Extracted data entries
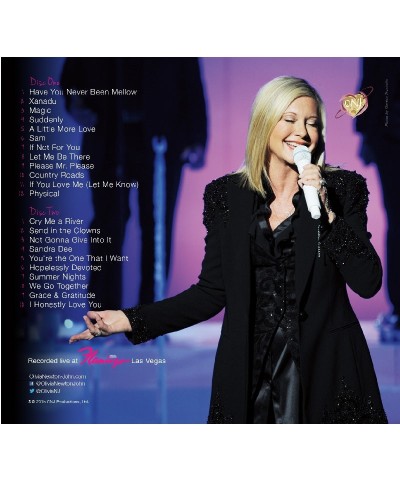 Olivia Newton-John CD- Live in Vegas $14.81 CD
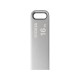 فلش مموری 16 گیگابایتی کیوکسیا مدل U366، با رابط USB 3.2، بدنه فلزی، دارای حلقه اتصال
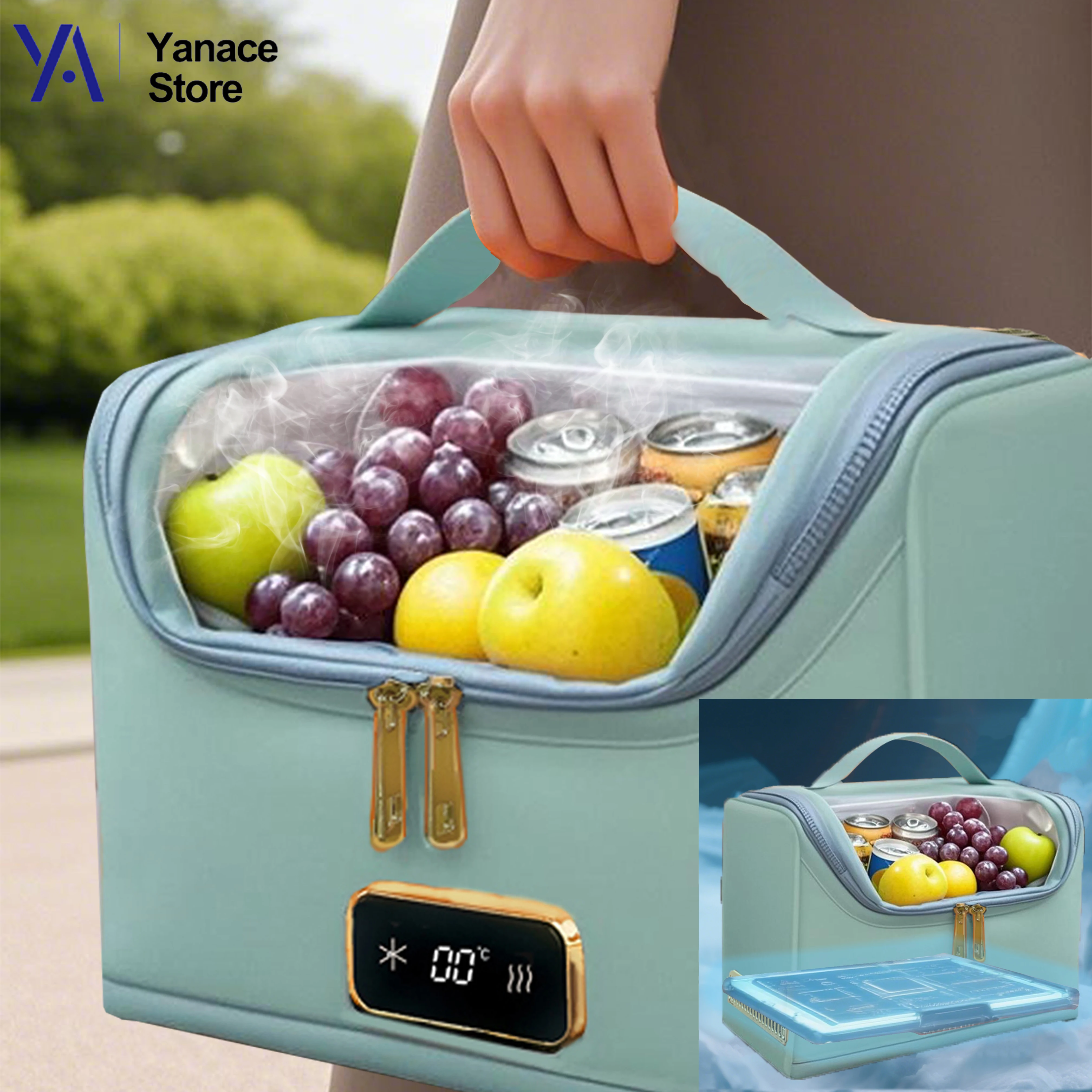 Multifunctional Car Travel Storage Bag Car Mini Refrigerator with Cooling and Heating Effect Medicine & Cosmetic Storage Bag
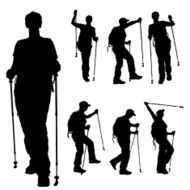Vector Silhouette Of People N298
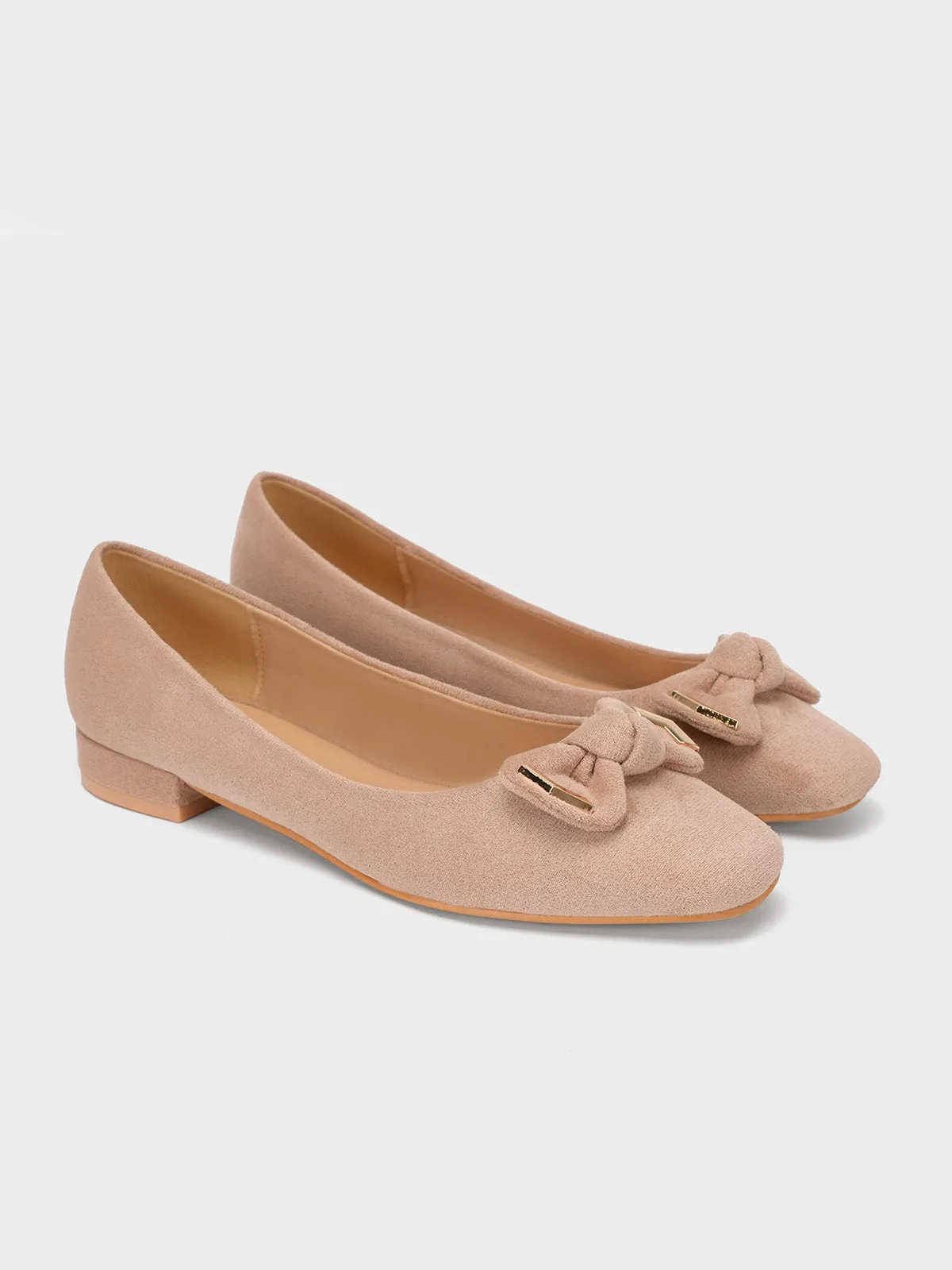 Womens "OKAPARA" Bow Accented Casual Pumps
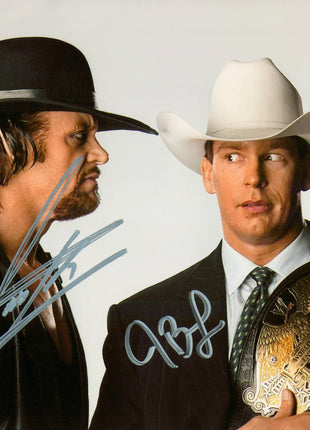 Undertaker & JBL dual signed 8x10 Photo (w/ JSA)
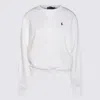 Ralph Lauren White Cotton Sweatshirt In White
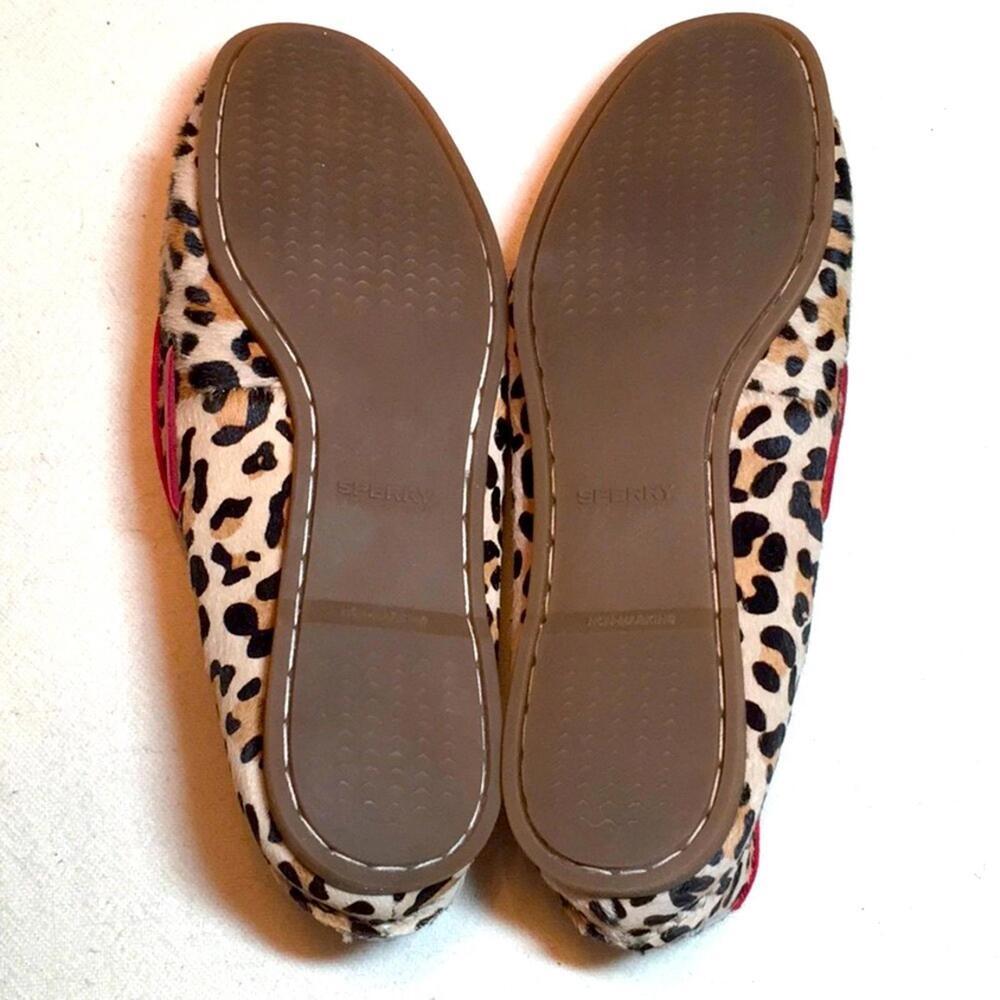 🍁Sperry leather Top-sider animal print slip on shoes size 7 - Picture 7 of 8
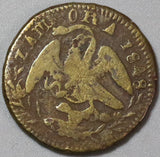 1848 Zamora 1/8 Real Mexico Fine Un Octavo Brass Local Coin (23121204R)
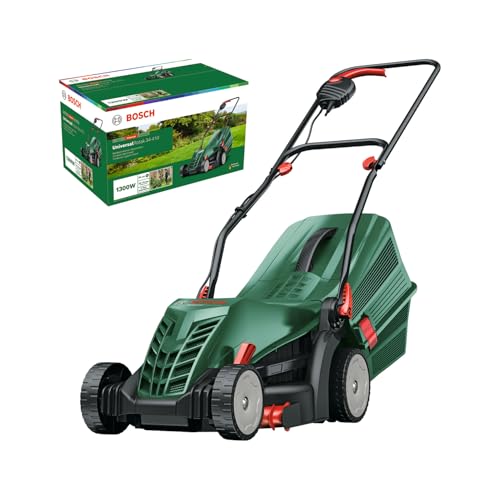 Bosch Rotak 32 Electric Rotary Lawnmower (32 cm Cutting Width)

Task goal
A word-for-word copy is needed of the lines from the line holding "Undertaker & JBL" through the end of the records, both included, excluding every picture.

Response area
 Undertaker & JBL dual signed 8x10 Photo (w/ JSA)
 Ralph Lauren White Cotton Sweatshirt In White
 🍁Sperry leather Top-sider animal print slip on shoes size 7 - Picture 7 of 8
 1848 Zamora 1/8 Real Mexico Fine Un Octavo Brass Local Coin (23121204R)
 Bosch Rotak 32 Electric Rotary Lawnmower (32 cm Cutting Width)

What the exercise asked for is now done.